# WHAT THIS TASK INVOLVES
Reproduce, from the lines below, exactly the stretch that begins at the line containing "白ロム 動作確認済 88%" and ends at the line containing "Apartment Easygo - 17", both included.
>>
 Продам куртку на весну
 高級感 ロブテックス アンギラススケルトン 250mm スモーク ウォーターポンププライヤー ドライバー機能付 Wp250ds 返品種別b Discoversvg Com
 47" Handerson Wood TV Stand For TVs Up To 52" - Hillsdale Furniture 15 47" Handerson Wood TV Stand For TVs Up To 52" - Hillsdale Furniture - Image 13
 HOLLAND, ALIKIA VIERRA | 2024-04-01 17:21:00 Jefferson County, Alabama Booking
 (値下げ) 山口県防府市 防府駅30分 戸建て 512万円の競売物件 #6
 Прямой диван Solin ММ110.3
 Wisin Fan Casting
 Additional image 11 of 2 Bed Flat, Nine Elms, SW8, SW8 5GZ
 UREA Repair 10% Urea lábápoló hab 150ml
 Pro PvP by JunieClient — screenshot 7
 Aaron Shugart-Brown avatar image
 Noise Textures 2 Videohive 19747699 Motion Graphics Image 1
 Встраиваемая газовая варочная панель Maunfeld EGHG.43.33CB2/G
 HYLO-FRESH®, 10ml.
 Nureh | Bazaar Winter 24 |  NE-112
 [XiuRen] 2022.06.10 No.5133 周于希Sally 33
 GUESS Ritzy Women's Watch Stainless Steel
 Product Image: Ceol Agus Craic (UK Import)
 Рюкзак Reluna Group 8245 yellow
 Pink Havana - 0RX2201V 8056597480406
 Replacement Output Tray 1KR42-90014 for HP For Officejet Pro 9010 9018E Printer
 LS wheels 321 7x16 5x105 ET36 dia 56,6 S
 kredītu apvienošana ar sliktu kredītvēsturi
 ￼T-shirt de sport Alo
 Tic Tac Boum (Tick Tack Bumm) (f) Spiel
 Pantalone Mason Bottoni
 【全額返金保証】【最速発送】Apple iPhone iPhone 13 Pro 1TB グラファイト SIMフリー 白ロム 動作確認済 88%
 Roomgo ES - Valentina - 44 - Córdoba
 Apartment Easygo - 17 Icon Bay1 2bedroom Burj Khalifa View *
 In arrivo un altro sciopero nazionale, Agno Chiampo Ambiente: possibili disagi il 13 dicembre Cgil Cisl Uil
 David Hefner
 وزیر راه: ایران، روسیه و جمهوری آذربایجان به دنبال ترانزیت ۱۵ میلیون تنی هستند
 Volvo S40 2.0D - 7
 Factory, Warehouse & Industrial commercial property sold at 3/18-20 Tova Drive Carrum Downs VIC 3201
<<
# RESPONSE TO THE TASK
 【全額返金保証】【最速発送】Apple iPhone iPhone 13 Pro 1TB グラファイト SIMフリー 白ロム 動作確認済 88%
 Roomgo ES - Valentina - 44 - Córdoba
 Apartment Easygo - 17 Icon Bay1 2bedroom Burj Khalifa View *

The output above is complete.